Collection of OCR-related python tools and wrappers from @OCR-D
https://ocr-d.de/core/
Apache License 2.0
118 stars 31 forks source link

Raise FileExistsError in Resolver.workspace_from_url if clobber_mets is False #1268

Closed kba closed 1 month ago

kba commented 2 months ago

As laid out in #563, the clobber_mets behavior was different from what the docstring said. Instead of raising and Exception if the METS file already existed and clobber_mets being False, the METS file was silently skipped.

The easiest way would have been to just change the docstring. But the current behavior is problematic because silently skipping downloading/copying the METS XML will lead to hard-to-debug errors when users subsequently work on the wrong METS XML file.

bertsky commented 2 months ago

The easiest way would have been to just change the docstring. But the current behavior is problematic because silently skipping downloading/copying the METS XML will lead to hard-to-debug errors when users subsequently work on the wrong METS XML file.

I tend to agree, but the discussion in #425 initially outlined a different scenario:

I do not understand the use-cases for clobber_mets=False, and I know of no example of it The original idea was that you pass a METS URL which is only downloaded the first time it is to be used. Subsequent processors should not overwrite the METS every time they process a workspace.

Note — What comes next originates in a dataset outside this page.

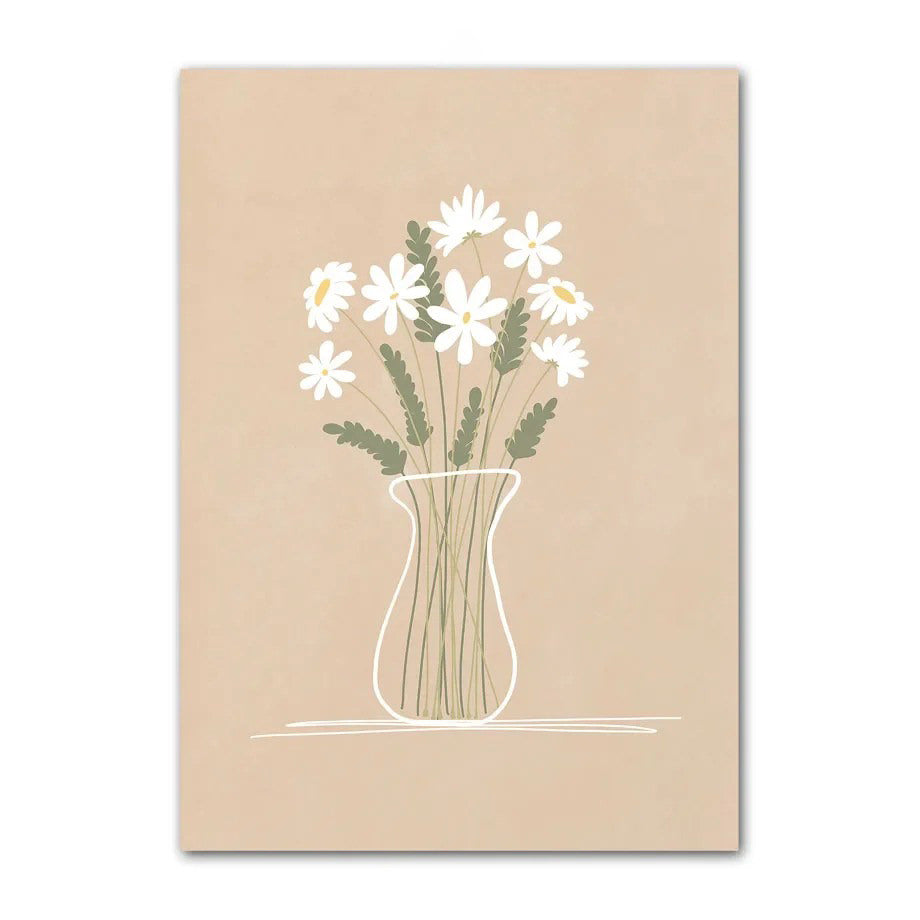 Minimalist Pale Brown Canvas Posters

However, you then followed up with the following explanation, which already speaks to the current line of thought:

The METS might not be downloaded yet. That's why we introduced the idea of a workspace which was initially just a crutch to make it easier for processors and we were careful not to use it as a first-class concept e.g. in our specs. Instead of handling the intricacies of downloading full/partial representations of the work, they now just had to act on a directory and files. Since then however, workspaces have become the standard way to interact with METS/Images/PAGE and most if not all the facilities to handle non-local data outside ocrd workspace has become obsolete.

So IIUC the initial scenario of always using workspace_from_url to get a handle on METS and its contents already went out of the window, and we now have to properly differentiate between creating and using a workspace. Thus the workspace_from_url function now entirely falls into the former category, and clobber_mets=False (still the default) without a failure/exception does not make sense anymore.

kba commented 1 month ago

So IIUC the initial scenario of always using workspace_from_url to get a handle on METS and its contents already went out of the window, and we now have to properly differentiate between creating and using a workspace. Thus the workspace_from_url function now entirely falls into the former category, and clobber_mets=False (still the default) without a failure/exception does not make sense anymore

Yeah, it is a bit messy due to poor initial planning and yes, the "clone once then work on the local workspace" approach is the default now, the "on demand" approach is largely obsolete. But I'd keep clobber_mets=False to avoid introducing a new source of mysterious behavior. I cannot really imagine a scenario where overwriting the METS during clone would be preferable to removing the workspace manually or cloning into a different directory but the flag/kwarg is there if people do need that.